The records below must be reproduced exactly, excluding any pictures.
------------------------------------------------------------------------
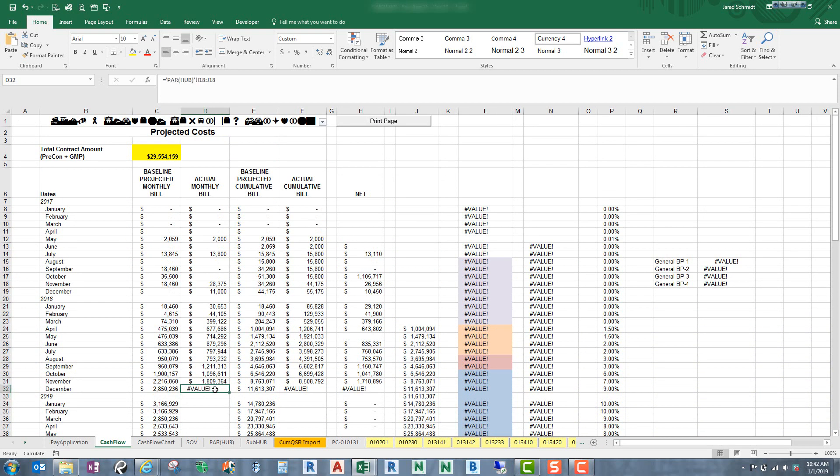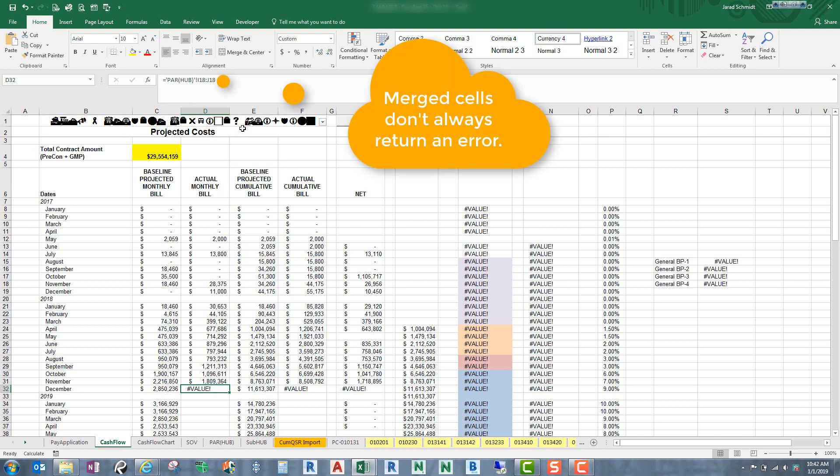And why is that happening? If you come up here to what it's looking at, you see that it's going to the sheet, the par hub, and then it's looking at both ranges or both cells, excuse me. So it's looking at the I and the J. And it's really not. It's a merged cell, so that's kind of why it's returning an error.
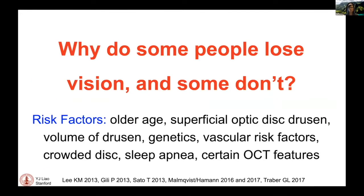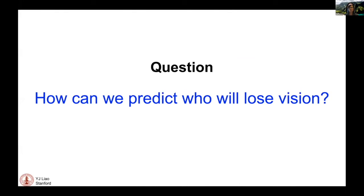So why do some people lose vision and some don't? Studies from the optic disc drusen studies consortium identify risk factors including older age, presence of superficial optic disc drusen, size of the drusen, genetics, vascular risk factors, anatomical risk factors like crowded discs — which is extra crowded in patients with drusen — sleep apnea, and certain features found on OCT. The question is: how can we predict who will lose vision?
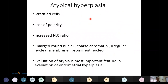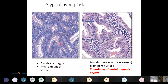In atypical hyperplasia, cells are stratified with loss of polarity, increased N:C ratio, enlarged round nuclei, coarse chromatin, irregular nuclear membrane, and prominent nucleoli. Evaluation of atypia is the most important feature in endometrial hyperplasia. Microscopically, atypical hyperplasia shows irregular glands with a small amount of stroma, round vesicular nuclei with prominent nucleoli; rounding of nuclei suggests atypia.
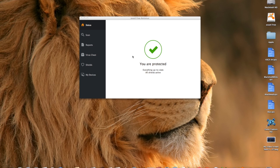Do you guys want to know what the best free antivirus software is? I think I found it. The best thing is it's free, it's available for Mac and Windows, and it actually works. It's called Avast.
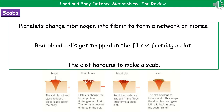As the clot hardens, we end up with a scab over the surface of that cut, which means that pathogens won't be able to get into the wound because we have a hard shell over the surface. Underneath, your skin cells will then replace themselves by repair, and once that's all occurred, the scab falls off.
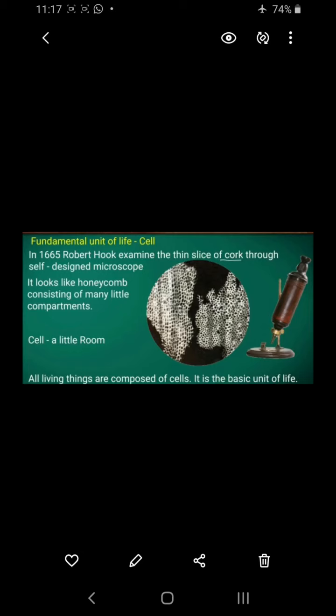We can say they are made up of cells, and the cell is said to be the smallest structural and functional unit of life. So all living organisms are made up of small compartments and these compartments are called cells.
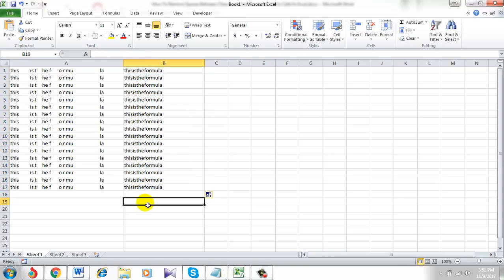Now you have successfully removed all the spaces between characters and numbers within cells in Microsoft Excel 2010.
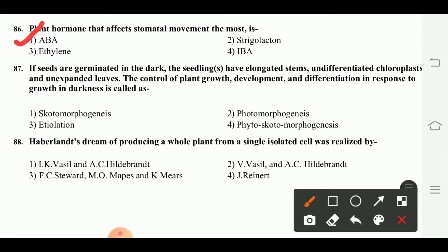The seeds are germinated in the dark. The seedlings have elongated stems, undifferentiated chloroplasts, and unexpanded leaves. The control of plant growth, development, and differentiation in response to darkness involves skotomorphogenesis. In darkness, chloroplast development is reduced and leaves remain unexpanded. These properties of dark-grown development are called skotomorphogenesis.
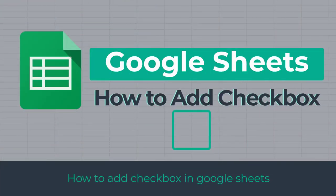In this video, I will show you how to add checkbox to cells in Google Sheet, so let's get started with the video.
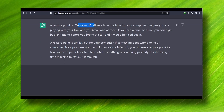A restore point on Windows 11 is like a time machine for your computer. Imagine you are playing with your toys and you break one of them — if you had a time machine you could go back to before you broke the toy and it would be fixed again. A restore point is similar: if something goes wrong on your computer, like a program stops working or a virus infects it, you can use a restore point to take your computer back to a time when everything was working properly. I think that's the best and coolest explanation.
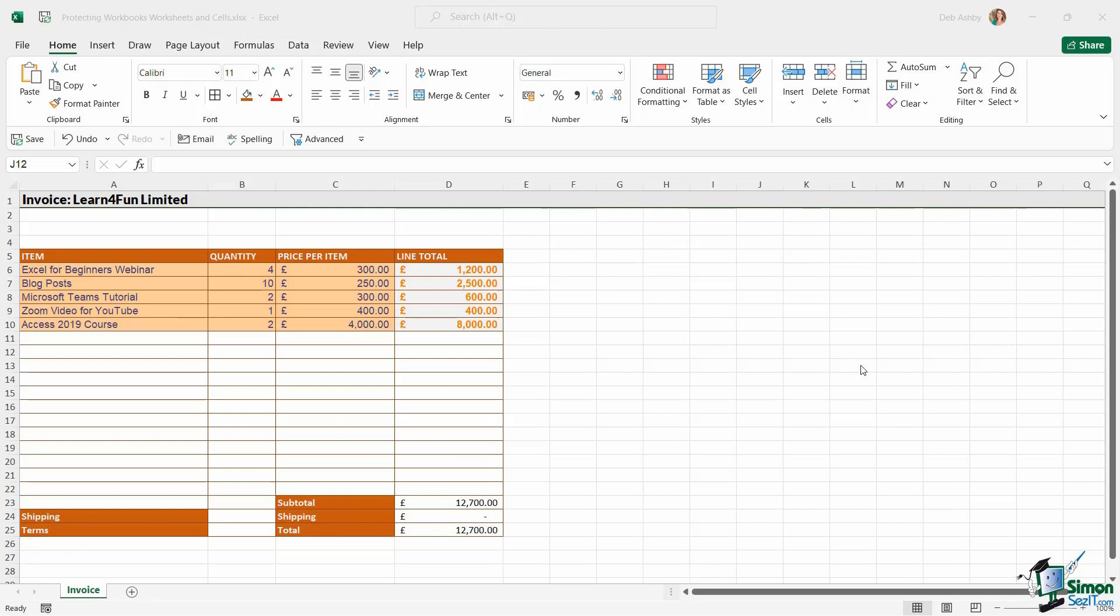Protecting your workbook in Excel is a great way to prevent other people from making changes to your workbook and in some cases even control exactly which cells they can edit. And there are three ways that you can do this.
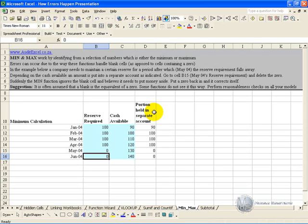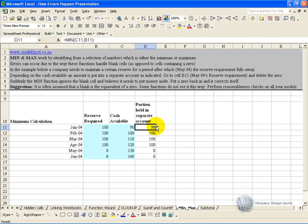The MIN and MAX functions in Excel allow you to specify whether you want the minimum of a number of cells or the maximum of a number of cells. However, there is something that needs to be understood about these functions.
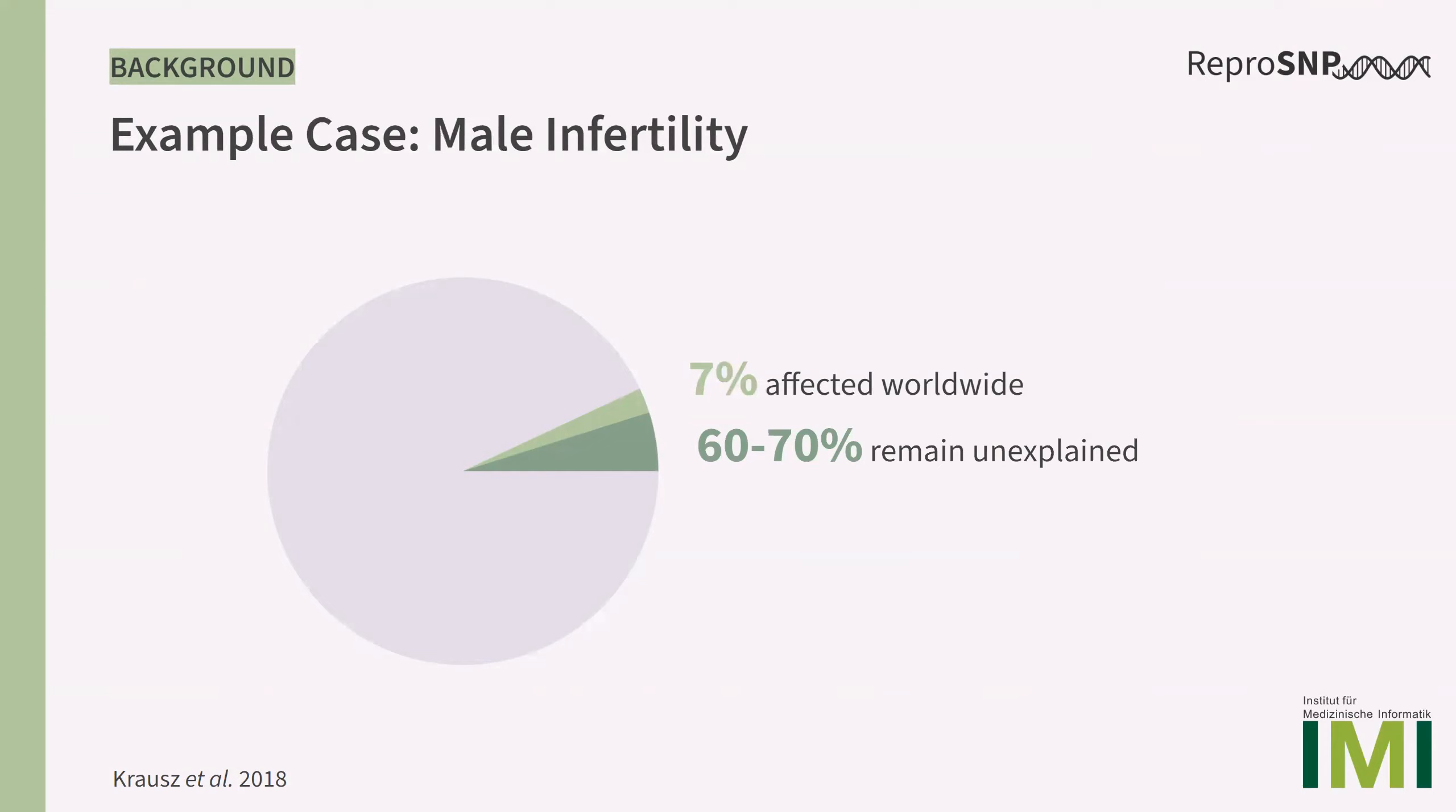While there are some participants with this diagnosis in the UK Biobank cohort, the count is very low and we suspect that a lot of undiagnosed participants are among the cohort. Therefore, we wanted to be able to include more phenotypes and participant information to find potentially infertile patients and associated variants.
------------------------------------------------------------------------
• Reply:
And why is that happening? If you come up here to what it's looking at, you see that it's going to the sheet, the par hub, and then it's looking at both ranges or both cells, excuse me. So it's looking at the I and the J. And it's really not. It's a merged cell, so that's kind of why it's returning an error.
So why do some people lose vision and some don't? Studies from the optic disc drusen studies consortium identify risk factors including older age, presence of superficial optic disc drusen, size of the drusen, genetics, vascular risk factors, anatomical risk factors like crowded discs — which is extra crowded in patients with drusen — sleep apnea, and certain features found on OCT. The question is: how can we predict who will lose vision?
In atypical hyperplasia, cells are stratified with loss of polarity, increased N:C ratio, enlarged round nuclei, coarse chromatin, irregular nuclear membrane, and prominent nucleoli. Evaluation of atypia is the most important feature in endometrial hyperplasia. Microscopically, atypical hyperplasia shows irregular glands with a small amount of stroma, round vesicular nuclei with prominent nucleoli; rounding of nuclei suggests atypia.
Do you guys want to know what the best free antivirus software is? I think I found it. The best thing is it's free, it's available for Mac and Windows, and it actually works. It's called Avast.
As the clot hardens, we end up with a scab over the surface of that cut, which means that pathogens won't be able to get into the wound because we have a hard shell over the surface. Underneath, your skin cells will then replace themselves by repair, and once that's all occurred, the scab falls off.
We can say they are made up of cells, and the cell is said to be the smallest structural and functional unit of life. So all living organisms are made up of small compartments and these compartments are called cells.
Now you have successfully removed all the spaces between characters and numbers within cells in Microsoft Excel 2010.
The seeds are germinated in the dark. The seedlings have elongated stems, undifferentiated chloroplasts, and unexpanded leaves. The control of plant growth, development, and differentiation in response to darkness involves skotomorphogenesis. In darkness, chloroplast development is reduced and leaves remain unexpanded. These properties of dark-grown development are called skotomorphogenesis.
In this video, I will show you how to add checkbox to cells in Google Sheet, so let's get started with the video.
A restore point on Windows 11 is like a time machine for your computer. Imagine you are playing with your toys and you break one of them — if you had a time machine you could go back to before you broke the toy and it would be fixed again. A restore point is similar: if something goes wrong on your computer, like a program stops working or a virus infects it, you can use a restore point to take your computer back to a time when everything was working properly. I think that's the best and coolest explanation.
Protecting your workbook in Excel is a great way to prevent other people from making changes to your workbook and in some cases even control exactly which cells they can edit. And there are three ways that you can do this.
The MIN and MAX functions in Excel allow you to specify whether you want the minimum of a number of cells or the maximum of a number of cells. However, there is something that needs to be understood about these functions.
While there are some participants with this diagnosis in the UK Biobank cohort, the count is very low and we suspect that a lot of undiagnosed participants are among the cohort. Therefore, we wanted to be able to include more phenotypes and participant information to find potentially infertile patients and associated variants.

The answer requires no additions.